* Work order *
Begin at the line containing "Agricultural Land For" in the records below, end at the line containing "Белгородская область: гк", and retype each line in that span exactly. No other line and no image should appear.
Segment Open
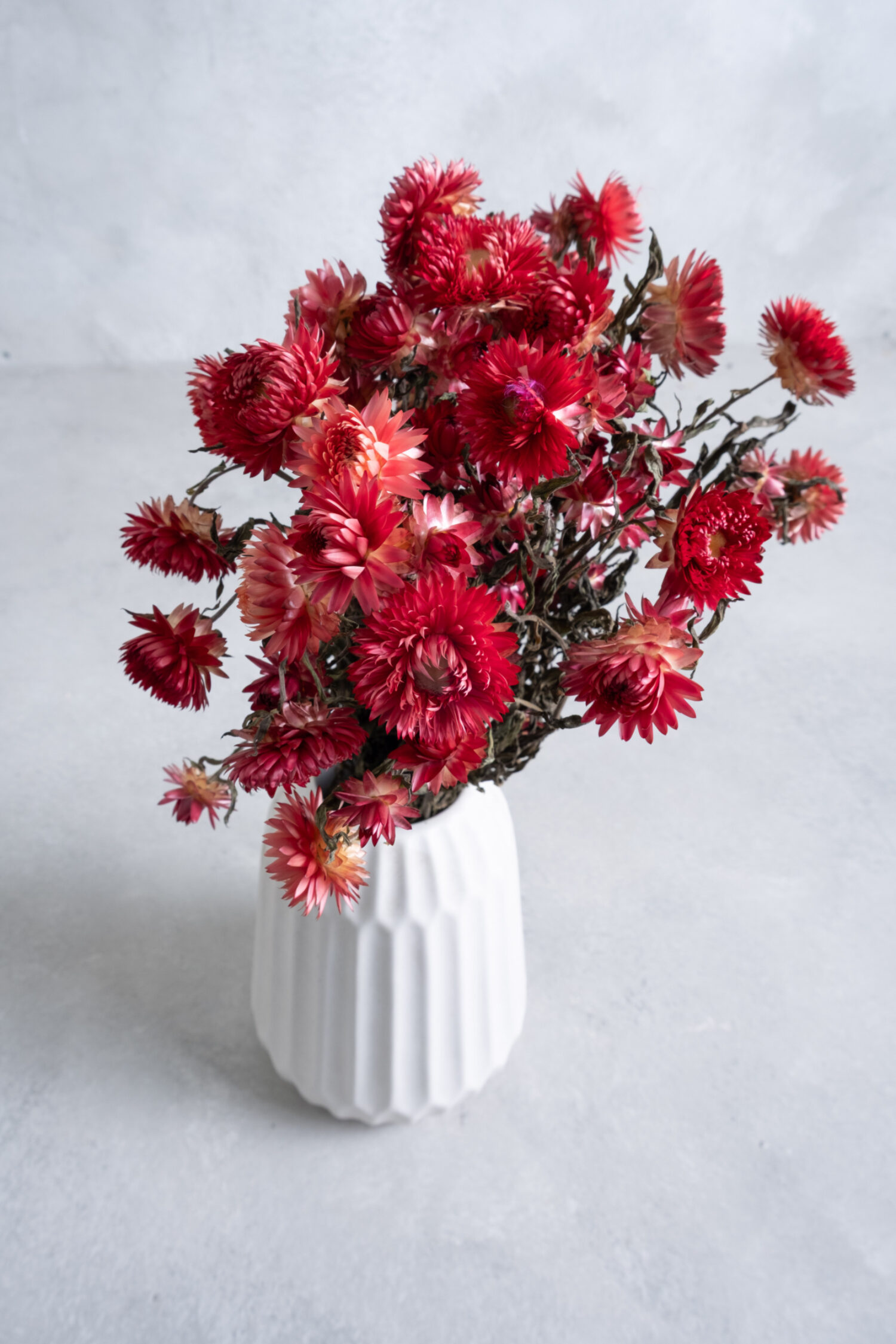 Helichrysum bunch natural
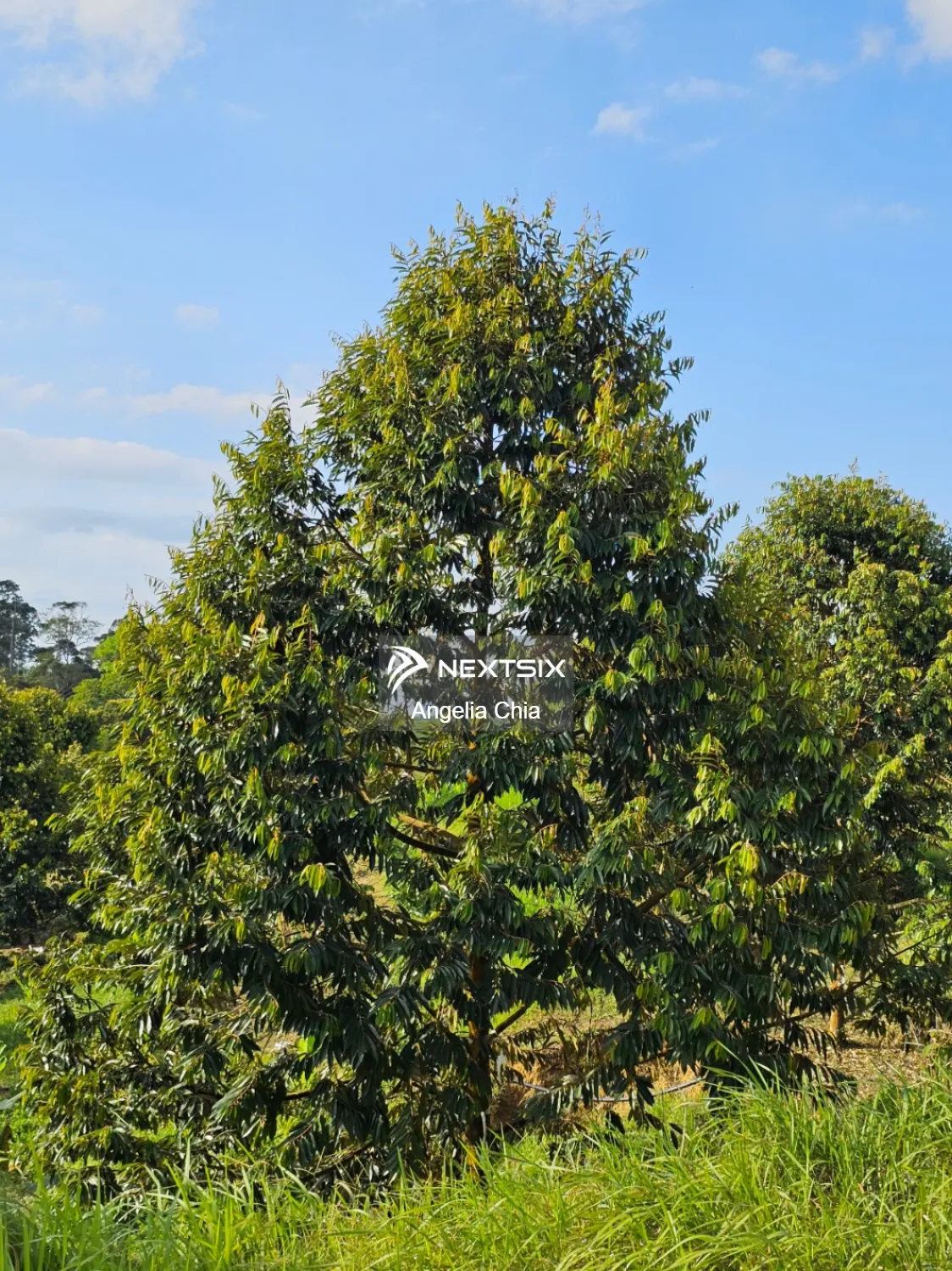 Agricultural Land For Sale in Kulai Johor - Image 17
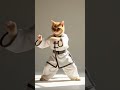 El Arte Del Tai Chi Serenidad Felina En Movimiento Taichi Cat Cute Shorts Fantasy Meditacion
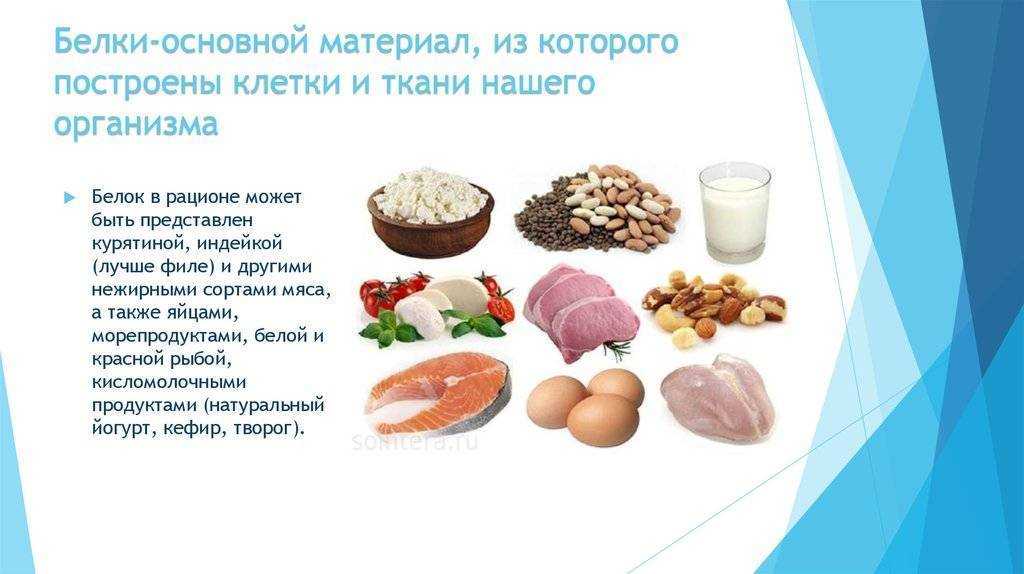 Белгородская область: гк «эфко» построила завод для разработки технологии сахарозаменителя - новости vbakalee.ru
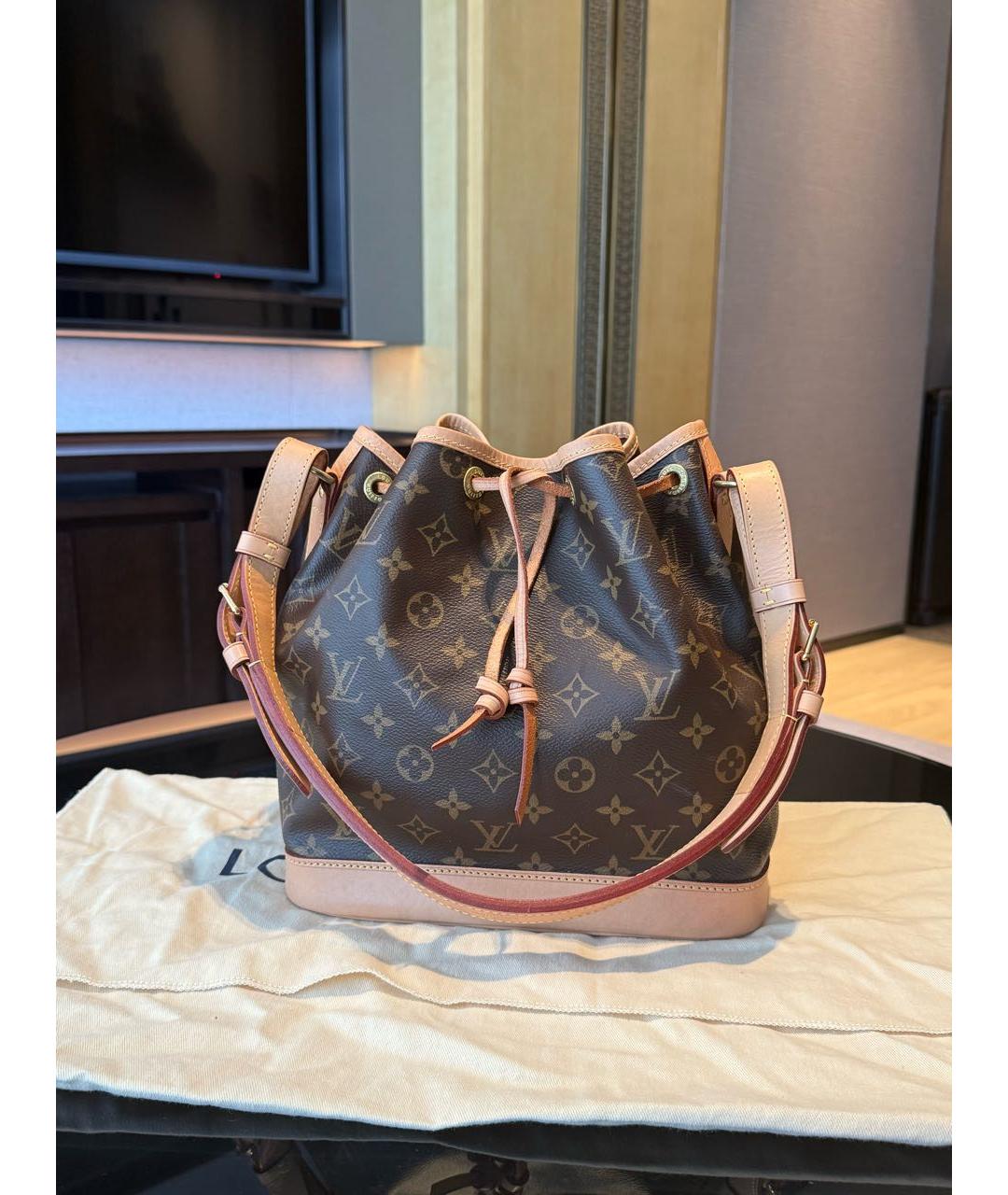 LOUIS VUITTON Коричневая кожаная сумка тоут, фото 9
Segment Closed
* The completed task *
 Agricultural Land For Sale in Kulai Johor - Image 17
 El Arte Del Tai Chi Serenidad Felina En Movimiento Taichi Cat Cute Shorts Fantasy Meditacion
 Белгородская область: гк «эфко» построила завод для разработки технологии сахарозаменителя - новости vbakalee.ru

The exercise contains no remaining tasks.